El trabajo de Dalla Ragione, dice, es «urgente, porque preservar el patrimonio es preservar la tierra y la biodiversidad. Nos permite usar ese ADN para nuevos recursos genéticos».
– Testimonio oral –
Dalla Ragione pone su colección a disposición de investigadores y recrea jardines históricos que pueden albergar variedades restauradas, en el marco de un proyecto financiado por la Unión Europea.
«No realizamos este trabajo de investigación y conservación por nostalgia o romanticismo», subraya mientras recoge manzanas rosadas en su finca de San Lorenzo di Lerchi, en Umbría.
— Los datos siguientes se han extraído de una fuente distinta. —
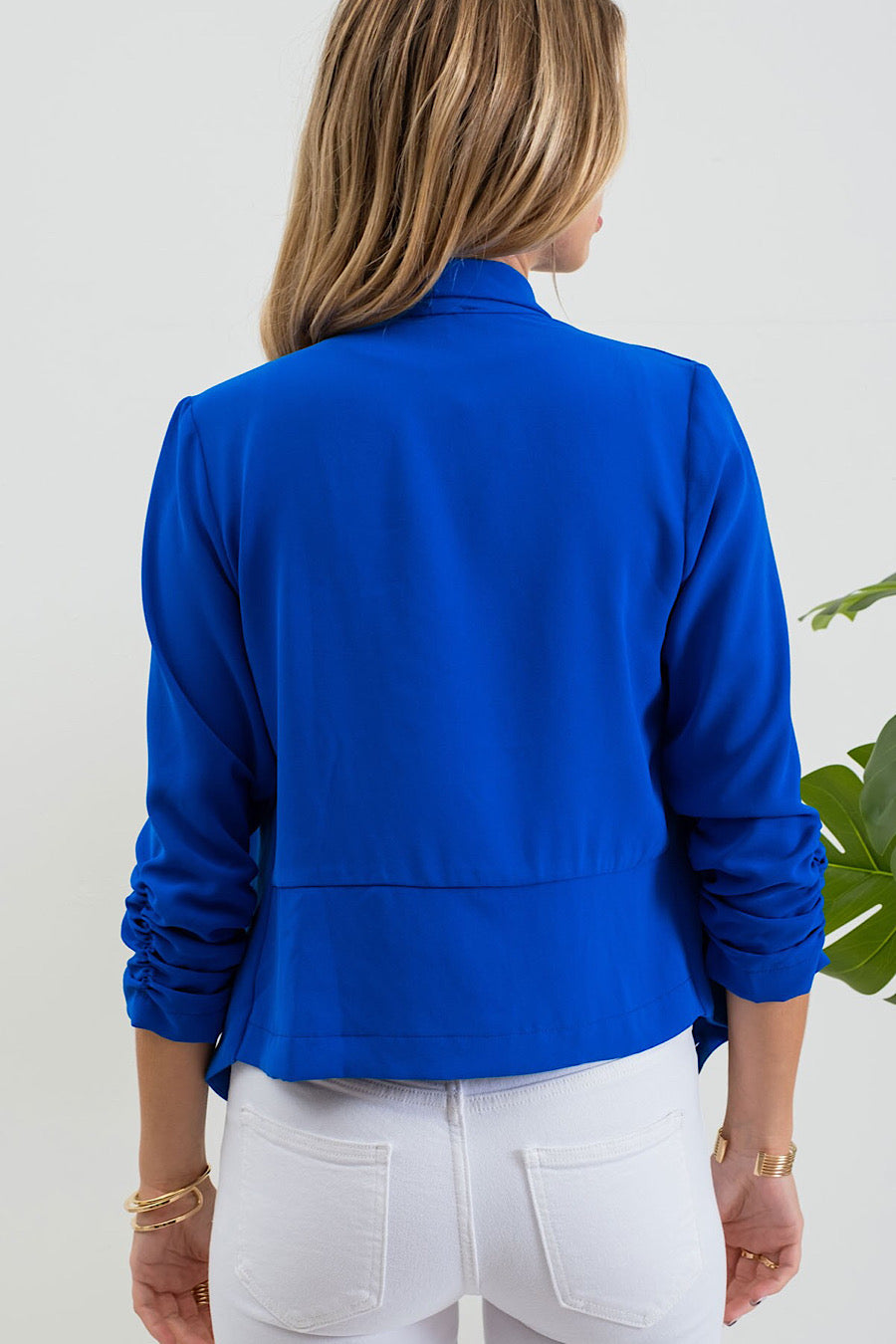 Blaze Ahead Drape Collar Blazer Royal Blue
«Lo hacemos porque la pérdida de variedades implica pérdida de seguridad alimentaria, de biodiversidad y de capacidad de adaptación del sistema, y también una gran pérdida cultural», destaca.
Hija de un coleccionista, intenta descifrar los misterios de las frutas en huertos monásticos y jardines familiares, consultando textos de los siglos XVI y XVII.
Un día halló el rastro de una pera en un pueblo del sur de Umbría tras haber leído su mención en el diario de un director de orquesta.
Pero una de sus fuentes más valiosas sobre la mejor manera de cultivar estas variedades sigue siendo la tradición oral. Con la desaparición de la última generación de agricultores que las cultivaban, gran parte del saber local se está perdiendo.
Esto complica su tiempo entre la investigación y la búsqueda de nuevas variedades, aunque aprendió —a veces con pesar— que la prioridad «es siempre salvarlas».
«En el pasado pospuse búsquedas para el año siguiente, y luego descubrí que la planta había desaparecido», lamenta.